畢竟自己的生命至少現在不會受到任何的危險,但是劍痕卻是不一定了,私闖這裏,已經是死罪,而且那個絕世高手怎麼想都覺得是個怪人,絕對不會輕易罷休...
雲水心裏這樣想著,越發的擔心。
後半夜的時候,倚在牆上的雲水卻是聽得牢門一陣巨響,同時一個血肉模糊的身子甩了過來。
“雲姑娘,你在嗎?”外麵帶著不確定的語氣,似乎是有些氣喘籲籲了。
“劍痕大哥,是你嗎?”雲水當下便是走了過去,隻是看不到外麵的光景,但是光憑著聲音也可以聽出來了,那樣冷冰冰的聲音也僅僅是劍痕的專利了。
“雲姑娘,這門太過堅硬了,我打不開,我怎麼救你?”外麵的人嚐試了一會兒,卻是無果,當下便是說道。
雲水暗自奇怪那倆師徒怎麼沒有反應,當下便是驚了過來:“這裏的石門想要打開,隻能夠用鑰匙,但是鑰匙你取不到,還有一個辦法,就是尋找這裏最薄弱的地方。”
雲水分析者,看著外麵不語,便是知道沒有聽明白,當下便是自己輕輕的朝著牆上敲擊起來,屏住了呼吸,一點兒都不敢放鬆。
“這裏聲音不對,希望騰格裏真的請了一些酒囊飯袋,能給我留點活路。”雲水迅速的說道,順勢朝著那兒狠狠地敲了敲,並不是靠著能夠打開,而是給外麵的劍痕指點。
劍痕似乎是遲疑了一會兒,最後隻聽得他一聲巨喝,玄鐵重劍朝著一點兒繼續的辭了過去,顯得淩厲無比。

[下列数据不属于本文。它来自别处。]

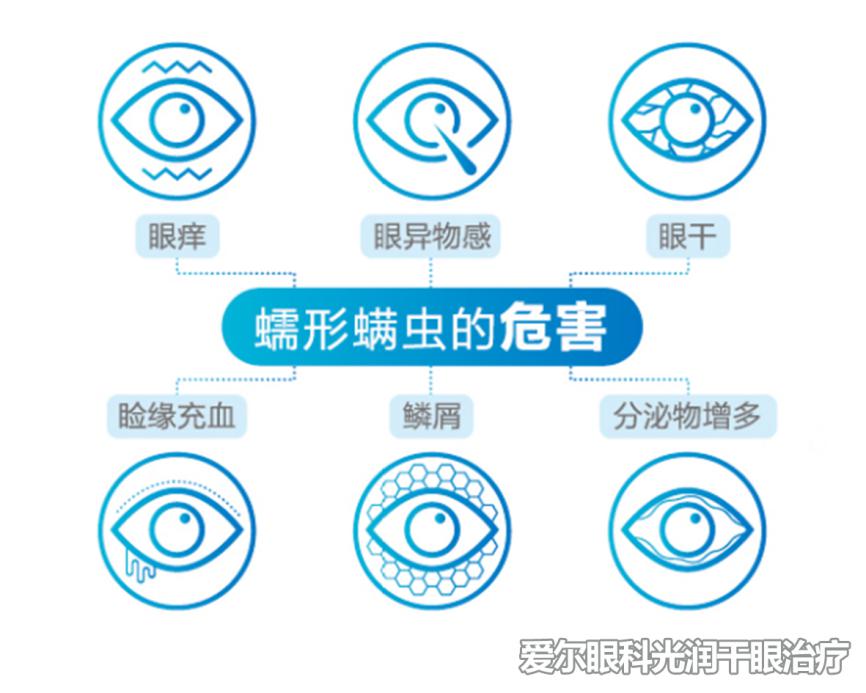 螨虫螨虫可致干眼症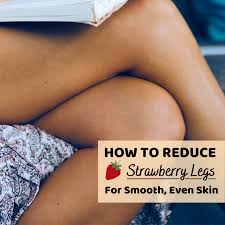 Excess vitamin a and selenium What Are Strawberry Legs And How Can You Get Rid Of Them Bellatory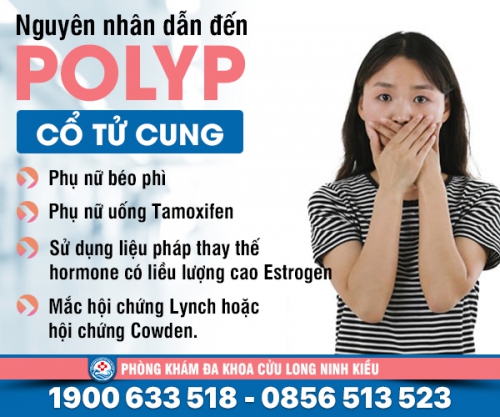 Nguyên nhân dẫn đến polyp cổ tử cung ít ai ngờ đến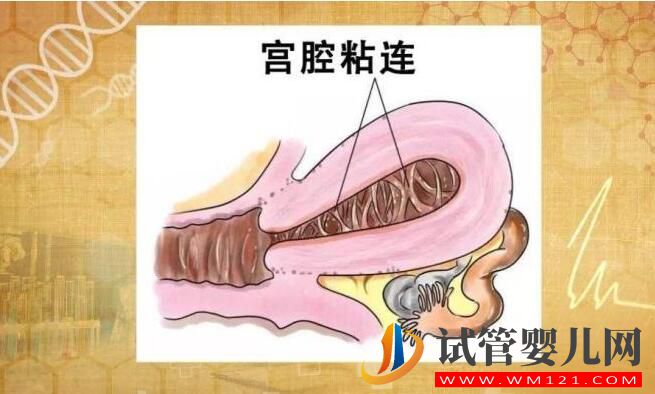 宫内粘连会影响到试管婴儿吗?(图1) 宫内粘连会影响到试管婴儿吗?(图1)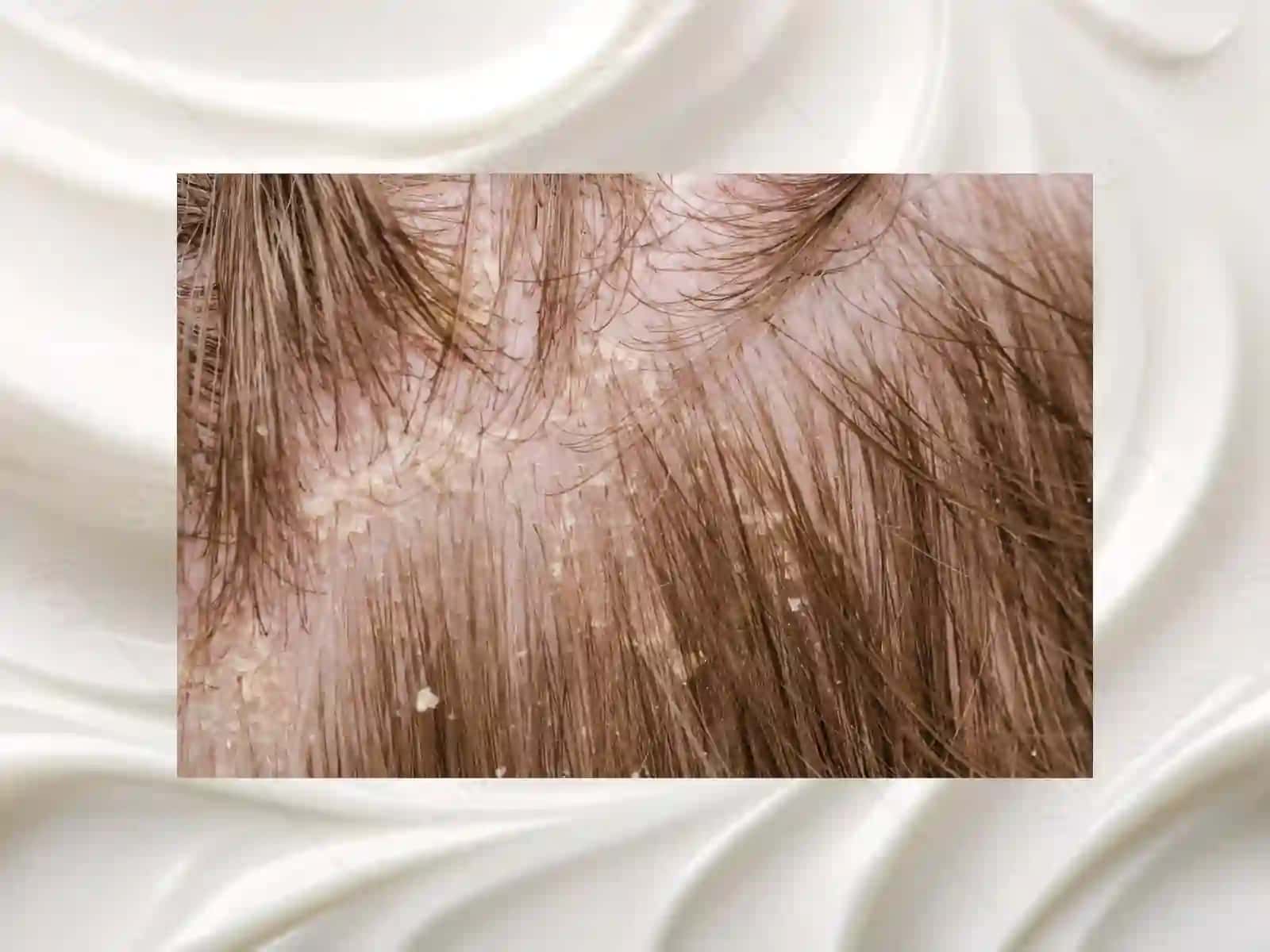 Dermatovenerologiya fanidan Seboreya va Pushti rangli xusn buzargalarning davolash usullari 4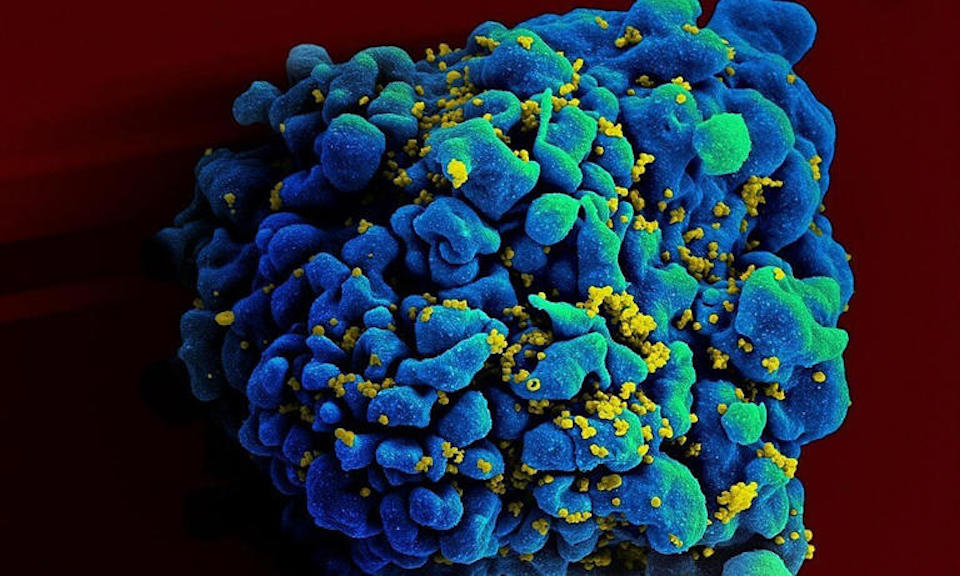 Thêm một người trên thế giới được chữa khỏi HIV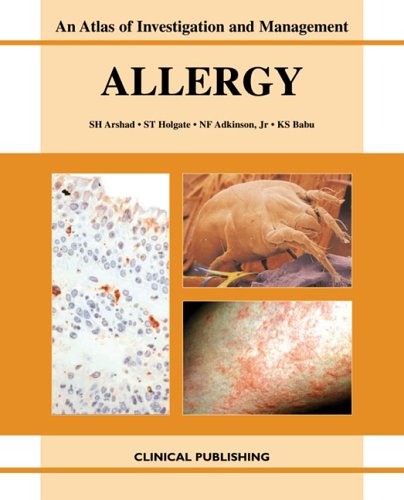 Allergy An Atlas Of Investigation And Management 2006 1st Edition Sh Arshad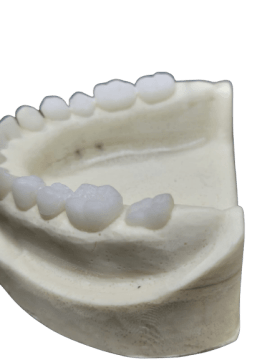 Radio-opaque X-Ray Dental Model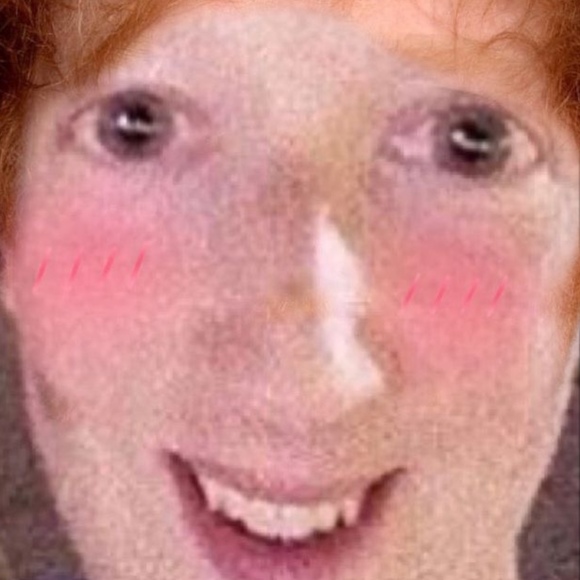 dry_wet_wipes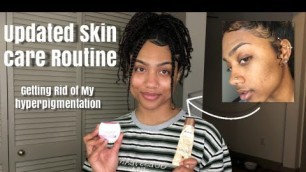 Updated Skin Care Routine: Getting Rid of Hyperpigmentation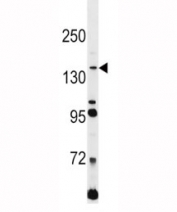 L1CAM antibody western blot analysis in Jurkat lysate. Expected molecular weight of unglycosylated protein is 140-150 kDa.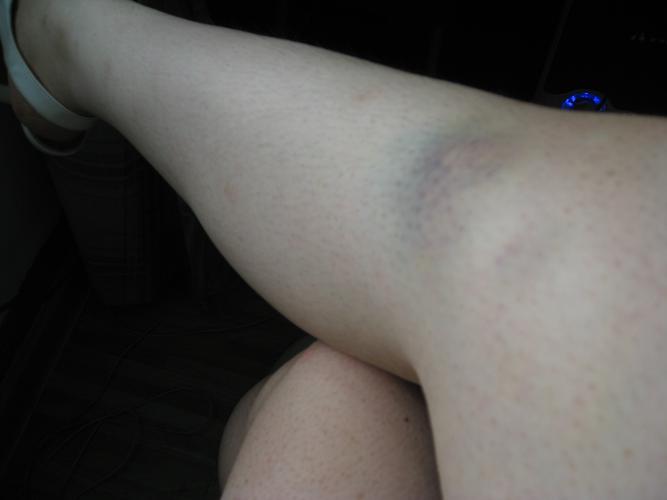 腿上这两天莫名出现淤紫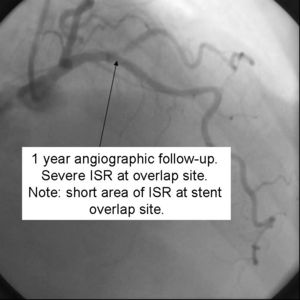 Crush Stenting Step 9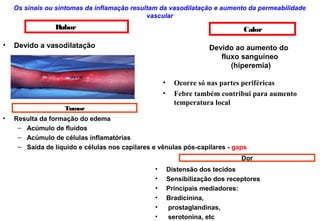 Os sinais ou sintomas da inflamação resultam da vasodilatação e aumento da permeabilidade
vascular
Rubor
• Devido a vasodilatação
• Ocorre só nas partes periféricas
• Febre também contribui para aumento
temperatura local
Calor
Devido ao aumento do
fluxo sanguíneo
(hiperemia)
Tumor
• Resulta da formação do edema
– Acúmulo de fluidos
– Acúmulo de células inflamatórias
– Saída de líquido e células nos capilares e vênulas pós-capilares - gaps
Dor
• Distensão dos tecidos
• Sensibilização dos receptores
• Principais mediadores:
• Bradicinina,
• prostaglandinas,
• serotonina, etc
 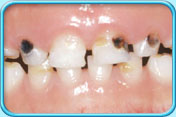 Photograph of a set of deciduous front teeth some of them show black tooth decay.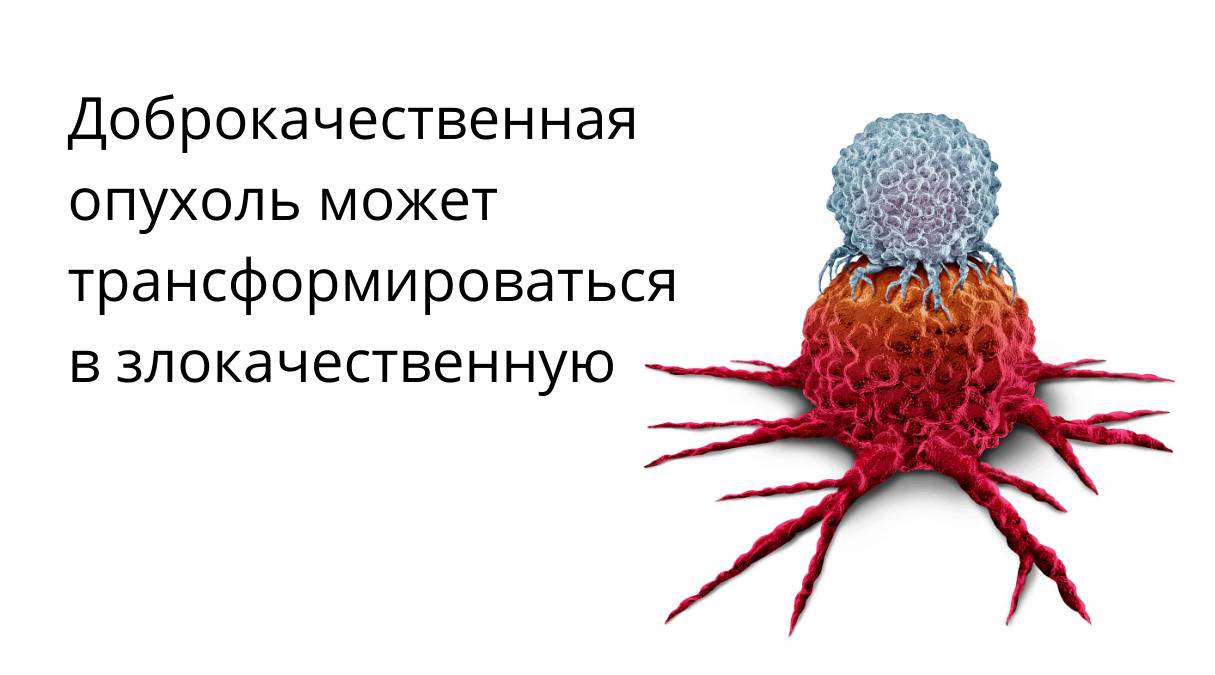 Доброкачественная и злокачественная опухоли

“碰!”外麵響聲不知道有多大,但是雲水這裏隻聽得一聲的小聲音,好沒有等到雲水再發問,卻是看到牢門緩緩的打開了。
阿才站在自己的麵前,手裏麵提著一個似乎是後麵被偷襲的人,正是劍痕。
“阿才!怎麼會是你?你對劍痕大哥做了什麼?”迅速的接了過來,馬不停蹄的開始診脈。
“我把他殺了。”阿才卻是一臉嚴肅的說道。
雲水心中一驚,但是卻是發現脈象平穩,應該是被人從身後偷襲了,當下便是回身說道:“阿才,你怎麼可以這樣,你不是說自己是正人君子嗎?怎麼可以偷襲。”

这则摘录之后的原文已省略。